I can count on the fingers of one hand the people that matter the most to me. And we bond with an emotional and intellectual depth of beyond imagination. We achieve a finesse in communication that sometimes, we know, we haven’t said a word. That’s saying alot considering my very difficult personality.

Chose your friends carefully and wisely.

—–

gravity-2k-hd-trailer-stills-movie-bullock-cuaron-clooney-5

 That’s a human. And the thing in the background is the earth.

In the end, I really believe in human intrinsic motivation. I think that the age where we rely on the stick – carrots method is over and that we’re thriving for a new age of organised anarchy. I’ve heard people giving me answers like “it’ll never work” – yeah, well, I’ll tell you this: ten years ago, I wouldn’t have thought of writing this article on a thin piece of aluminium in the suburb of Zurich either. Telling the story in a very short sentence is : “once you have a community of fully credited, competent and goal driven friends. You can achieve anything. Anything.”

Looking forward to see you on the other side.


2 Comments on “of a passionate anarchy”

  1. Samuel says:

    Hi Tom
    Great to hear from you after your diploma – congrats, belatedly!
    As for what you wrote, I think (and hope) that change is happening in our society, the amount of people that share this or a similar view of things is growing and they start becoming active, especially in Switzerland where it’s possible to introduce new ideas via “Volksinitiative”. Add Raffael Wüthrich on facebook (a colleague of mine), and you will get loads of information about what’s going on – mostly in german though…
    Concerning point 3. of your conclusion I slightly disagree. To get me to work effecitvely, I do need a certain kind of outer frame, be it a schedule or an other person I am responsible towards. But this certainly doesn’t mean that I’d be happy do useless stuff just to “please the system”
    and btw.: I’d eschew to discredit anyone verbally, including the starchitects you don’t like. After all, they’re just marginally responsible for the society they live in – or how would you suggest them to behave in their situation?

    • tomdoan says:

      Sam,

      Thanks! It went great!

      Great to hear you comment. I hope things are fine by you.

      Yes, I am aware that people are waking up and things are starting to change. We are on the fringe of a new way of seeing things. I think that it’s mostly due to the fast exchange of information over the Internet. Let us catch this movement first hand.

      The point 3 is the most controversial one, I think. A lot of people have asked about it… The external frame and schedule is absolutely necessary for the structure and organisation of the work. What I’m referring to is the intention. I’ve seen countless people working against their intention and lying about it.

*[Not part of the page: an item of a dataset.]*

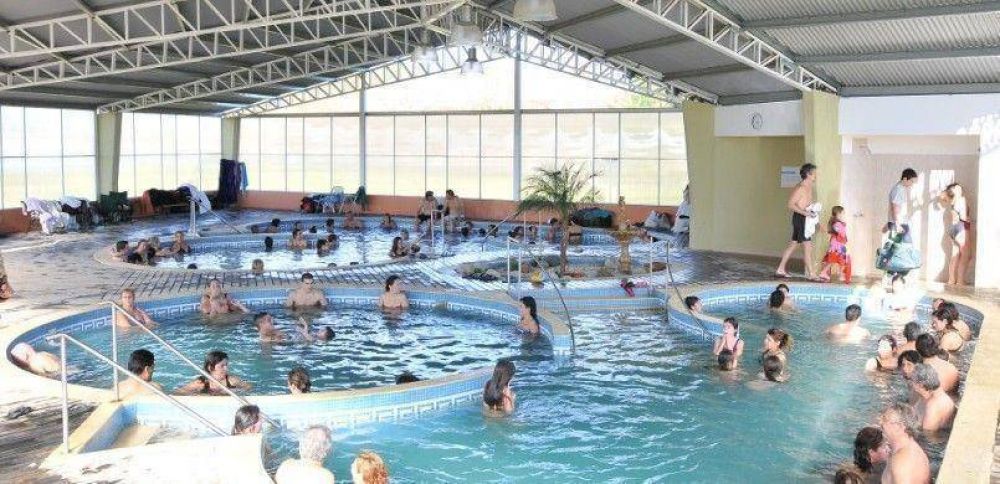 Aguas termales en Baradero?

      In the end, we’re never acting only by our own intent. That’s utopia. But what we can do is to frame it, that’s why I wrote that it’s a matter of paradigm. Seeing things at a certain angle can be liberating. What I’d like to see is people being responsible and independent on their actions, say “I’m choosing to do this” not “I have to do this”. If we take the example of the polytechnic: “I’m choosing to get my degree and I’m choosing to accomplish this studio” – hope that clears things up.

      You know me, I’m very direct in my communication. Because, ultimately, I believe that I have to be outspoken somewhere and assume the consequences of my believes. But, for the starchitects, I do believe they need to make up their mind. Maybe make a smaller office. Not take a project. Reassess their management and leadership scheme. Or, maybe, stop doing architecture altogether.

      It’s a very old philosophical dilemma, already posed by Socrates: “it’s not because the crowd thinks something that it is right” – sometimes, to do things right, there’re sacrifices to make… but is being in society’s spot light really worth it? For me, it’s like being a strip tease dancer… trying to please people to get attention.